Test je kennis… 8 Nieuwe bestuursleden van een stichting worden benoemd door A. de ledenvergadering. B. de rechter. C. de Raad van Commissarissen. D. het zittende bestuur. D

Test je kennis… 9 Enkele ouders richten een kinderdagverblijf op. Samen vormen ze het bestuur. Als er een nieuw bestuurslid nodig is, zoeken ze zelf iemand en benoemen hem of haar. Van het geld dat alle ouders betalen, wordt nieuw speelgoed gekocht. Een notaris heeft de oprichtingsakte gemaakt. Ze staan ingeschreven in het desbetreffende register bij de Kamer van Koophandel. Is dit kinderdagverblijf een vereniging of een stichting en waaruit blijkt dit? Dit kinderdagverblijf is een A. stichting, omdat het bestuur zichzelf aanvult. B. stichting, omdat het kinderdagverblijf een goed doel heeft. C. vereniging, omdat het bestuur zichzelf aanvult. D. vereniging, omdat het kinderdagverblijf een goed doel heeft. A

Test je kennis… 10 Van een onderneming is het volgende bekend. 1. Het eigen vermogen is door één of meer personen bijeengebracht. Deze personen hebben geen eigendomsrecht meer op dit vermogen. 2. De onderneming is aansprakelijk voor de gehele schuld. 3. De winst moet worden gebruikt voor de doelstelling waarvoor de onderneming is opgericht en mag in geen geval worden uitgekeerd aan oprichters en/of bestuurders. 4. De zeggenschap ligt bij het bestuur.

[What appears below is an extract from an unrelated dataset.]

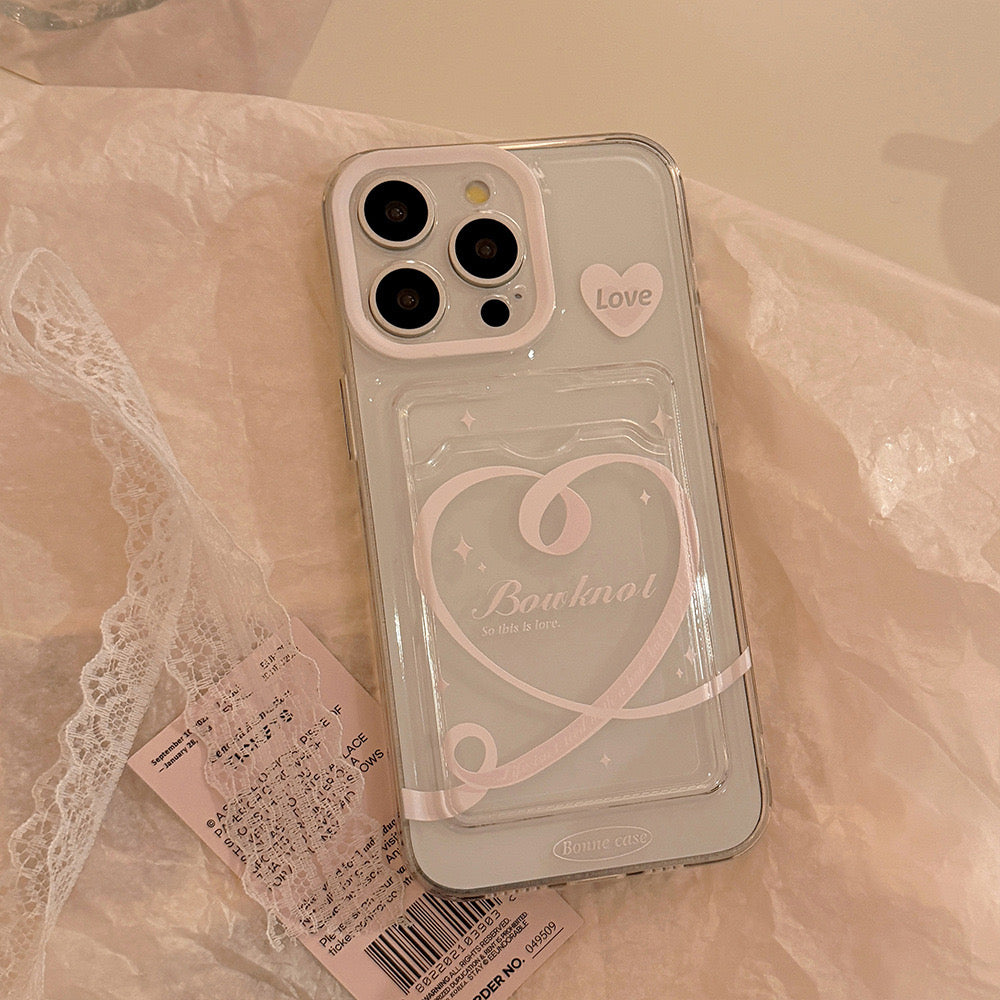 Clear iPhone case with heart and ‘bonjour’ design, featuring a small ‘Love’ sticker, providing stylish and protective coverage.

Welke juridische vorm heeft deze onderneming ? Stichting

Test je kennis… 11 Moet ik dit hst nog leren voor het examen? A Nee, ik heb dit alles altijd al geweten. B Nee, vanwege onze superdocent is alles heel duidelijk geworden. C Ja, natuurlijk lees ik dit hst nog een keertje door voor het examen. D Ja, ik ga dit Hst iedere week voor het slapen gaan nog even bestuderen.